Collection entries:

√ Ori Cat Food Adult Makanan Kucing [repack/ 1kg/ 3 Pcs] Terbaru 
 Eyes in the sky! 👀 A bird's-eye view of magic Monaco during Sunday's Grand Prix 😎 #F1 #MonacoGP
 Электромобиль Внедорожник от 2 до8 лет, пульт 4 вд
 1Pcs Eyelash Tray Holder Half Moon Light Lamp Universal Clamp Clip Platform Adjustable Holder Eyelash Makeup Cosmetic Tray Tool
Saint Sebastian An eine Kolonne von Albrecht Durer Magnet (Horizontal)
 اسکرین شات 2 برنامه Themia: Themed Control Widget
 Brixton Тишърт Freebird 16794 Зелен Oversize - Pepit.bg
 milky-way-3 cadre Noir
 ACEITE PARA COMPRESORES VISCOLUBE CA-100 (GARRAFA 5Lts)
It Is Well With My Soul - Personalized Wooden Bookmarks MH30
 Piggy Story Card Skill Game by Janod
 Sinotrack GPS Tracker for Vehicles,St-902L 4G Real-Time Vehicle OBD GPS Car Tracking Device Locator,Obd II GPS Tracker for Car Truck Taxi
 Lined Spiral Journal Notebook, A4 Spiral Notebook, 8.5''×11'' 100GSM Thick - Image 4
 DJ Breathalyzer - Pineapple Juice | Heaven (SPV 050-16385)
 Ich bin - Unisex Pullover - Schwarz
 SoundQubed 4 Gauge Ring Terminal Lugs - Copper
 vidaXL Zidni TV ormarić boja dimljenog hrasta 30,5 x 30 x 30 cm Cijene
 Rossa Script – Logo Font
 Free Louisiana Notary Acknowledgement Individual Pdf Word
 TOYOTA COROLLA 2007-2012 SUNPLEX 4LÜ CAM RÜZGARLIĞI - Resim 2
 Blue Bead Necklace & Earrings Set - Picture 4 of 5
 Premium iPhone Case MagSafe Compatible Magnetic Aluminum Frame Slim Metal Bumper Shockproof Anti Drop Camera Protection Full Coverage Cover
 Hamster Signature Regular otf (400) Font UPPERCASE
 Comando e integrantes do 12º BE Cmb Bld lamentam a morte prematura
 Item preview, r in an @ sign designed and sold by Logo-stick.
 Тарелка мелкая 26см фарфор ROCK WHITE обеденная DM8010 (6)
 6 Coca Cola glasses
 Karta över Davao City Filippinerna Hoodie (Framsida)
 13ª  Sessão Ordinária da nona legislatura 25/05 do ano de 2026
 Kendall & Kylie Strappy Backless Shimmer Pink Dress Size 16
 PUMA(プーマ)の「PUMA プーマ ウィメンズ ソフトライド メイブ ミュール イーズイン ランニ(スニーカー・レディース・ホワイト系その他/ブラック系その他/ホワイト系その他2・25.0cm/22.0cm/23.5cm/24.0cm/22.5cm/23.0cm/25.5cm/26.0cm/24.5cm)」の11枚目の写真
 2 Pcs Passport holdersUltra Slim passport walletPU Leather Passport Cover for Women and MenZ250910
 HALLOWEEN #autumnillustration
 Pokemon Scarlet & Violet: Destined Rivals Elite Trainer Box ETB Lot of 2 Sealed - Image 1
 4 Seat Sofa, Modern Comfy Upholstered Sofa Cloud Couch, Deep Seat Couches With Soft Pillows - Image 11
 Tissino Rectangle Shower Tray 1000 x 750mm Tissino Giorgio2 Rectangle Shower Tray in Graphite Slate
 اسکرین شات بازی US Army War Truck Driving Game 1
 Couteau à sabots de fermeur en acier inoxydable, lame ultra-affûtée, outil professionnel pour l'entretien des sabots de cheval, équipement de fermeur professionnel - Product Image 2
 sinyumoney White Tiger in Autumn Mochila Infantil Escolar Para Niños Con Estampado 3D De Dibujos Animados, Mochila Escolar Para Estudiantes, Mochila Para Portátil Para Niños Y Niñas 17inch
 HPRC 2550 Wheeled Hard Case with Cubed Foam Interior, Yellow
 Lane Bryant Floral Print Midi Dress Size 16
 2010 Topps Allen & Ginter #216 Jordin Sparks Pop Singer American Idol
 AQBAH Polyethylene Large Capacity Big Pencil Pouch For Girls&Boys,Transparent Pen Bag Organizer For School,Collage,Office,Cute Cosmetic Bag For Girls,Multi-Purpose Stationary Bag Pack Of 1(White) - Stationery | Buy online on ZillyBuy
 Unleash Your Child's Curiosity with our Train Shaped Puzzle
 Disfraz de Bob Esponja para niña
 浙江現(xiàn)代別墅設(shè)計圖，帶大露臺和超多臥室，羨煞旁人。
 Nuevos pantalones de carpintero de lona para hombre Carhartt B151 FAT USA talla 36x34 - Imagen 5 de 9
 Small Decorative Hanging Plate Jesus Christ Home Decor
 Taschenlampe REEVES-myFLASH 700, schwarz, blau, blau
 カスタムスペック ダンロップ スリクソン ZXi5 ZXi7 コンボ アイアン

WHAT NEEDS TO BE DONE. Could you transcribe the entries above word for word, from the line with "Brixton Тишърт Freebird" down to the line with "Piggy Story Card Skill Game by Janod", keeping both?

ANSWER SPACE.
 Brixton Тишърт Freebird 16794 Зелен Oversize - Pepit.bg
 milky-way-3 cadre Noir
 ACEITE PARA COMPRESORES VISCOLUBE CA-100 (GARRAFA 5Lts)
It Is Well With My Soul - Personalized Wooden Bookmarks MH30
 Piggy Story Card Skill Game by Janod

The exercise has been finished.